Die amerikanischen Buchautoren Neil Howe und William Strauss bestätigen den – nach 1982 geborenen – „Millennials“ eine „ ausgesprochene Fähigkeit zu zielgerichtetem Teamwork, Bescheidenheit und anständigem Verhalten“. Sie referieren die Ergebnisse des Roper Center for Public Opinion Research. Das renommierte Meinungsforschungsinstitut an der University of Connecticut hat unter anderem zu Tage gefördert, dass Teenager „ Egoismus“ als Hauptgrund für die gegenwärtigen Probleme der amerikanischen Nation ansehen. In wenigen Jahren, so schreiben Howe und Strauss in ihrem Buch „Millennials Rising“, wird die neue „Wir-können-Jugend die Pessimisten und Zyniker in Erstaunen versetzen“. Die ist nämlich, im Gegensatz zur Vorgängergeneration, auch überzeugt, etwas verändern zu können, wenn man sich gemeinsam darum bemüht.

Als gesellschaftliches Grundübel nannten die Jugendlichen die „ fehlende elterliche Disziplin“. Das größte Problem der heutigen Jugend, wird der 17-jährige Josh Lee in der Untersuchung exemplarisch zitiert, sei das negative Beispiel, das ihnen die Erwachsenen gäben – eine schallende Ohrfeige für die meinungsbildende Elterngeneration. Und noch ein Vorurteil fällt: Für verwöhnter und amoralischer als ihre eigene Generation empfinden amerikanische Jugendliche vor allem Berühmtheiten der Popkultur – und viele Politiker.

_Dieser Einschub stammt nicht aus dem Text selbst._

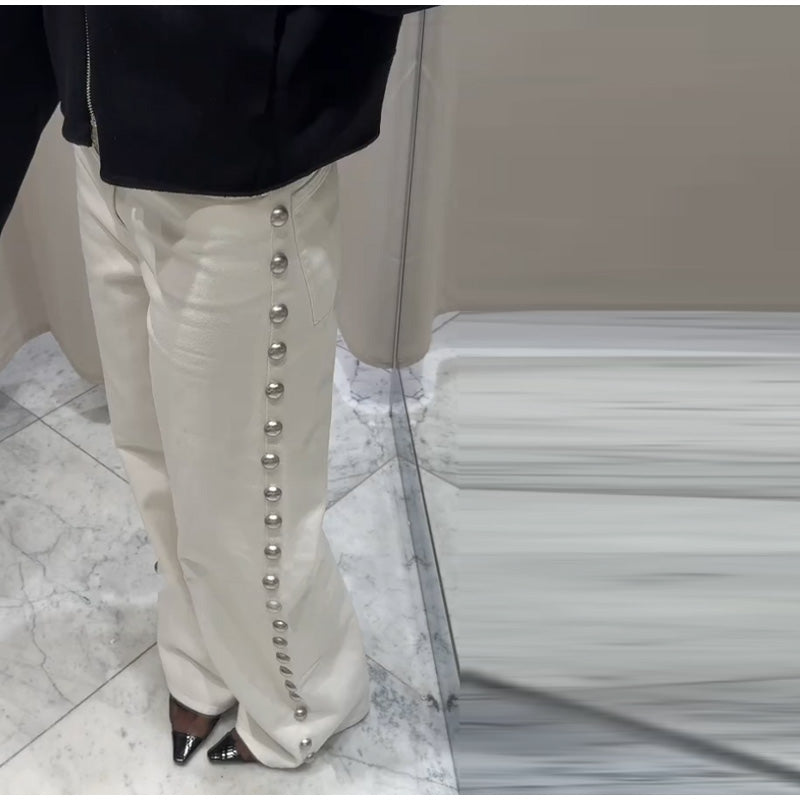 JEANS BLANCOS TACHUELAS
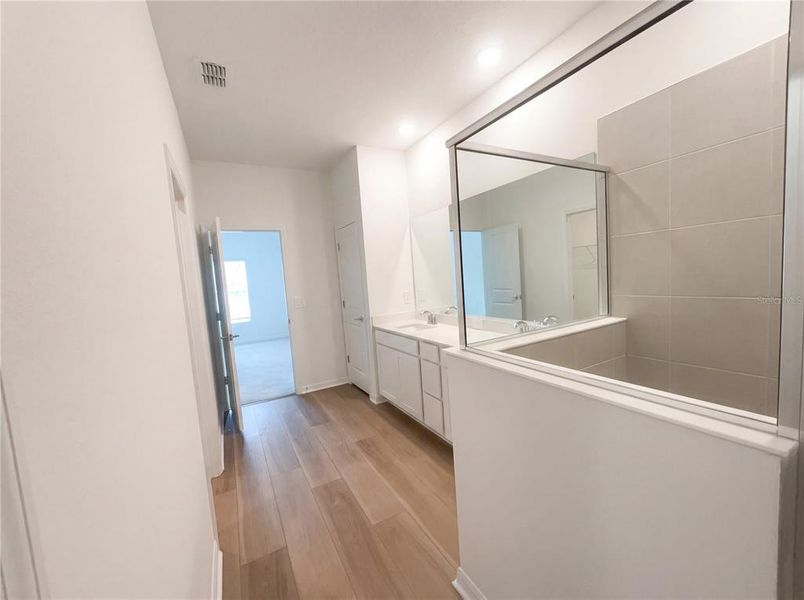 Furnished interior view inside a new home in Grand Park, Dunnellon (Image 7).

Das zunehmende Misstrauen gegenüber etablierten politischen Organisationen hält die junge Generation hierzulande mittlerweile unübersehbar auf Distanz: „Das geringste Vertrauen“, bestätigt auch die jüngste Shell-Jugendstudie, „wird den politischen Parteien entgegengebracht.“ „Politik ja – Parteien nein“, bringt Pfadfinder Stephan den Vertrauensverlust auf den Punkt. Lieber will er in seinem direkten Umfeld „etwas Konkretes“ tun, in der Schule beispielsweise, am liebsten aber zusammen mit seiner „ Sippe“ bei den Pfadfindern. Da habe er „Freude am eigenen Tun und an der Pflicht, für andere da zu sein“.

Denn „cool“ sein, sagt Stephan, „heißt nicht nur Spaß haben, sondern auch, Verantwortung zu übernehmen“.

KOMPAKT

• Die Jugendlichen von heute haben fest umrissene Wert- und Moralvorstellungen.

• Die Erwachsenen sind dabei allerdings keine Vorbilder.

• 40 Jahre Jugendstudien belegen:

Die Heranwachsenden formen die Gesellschaft.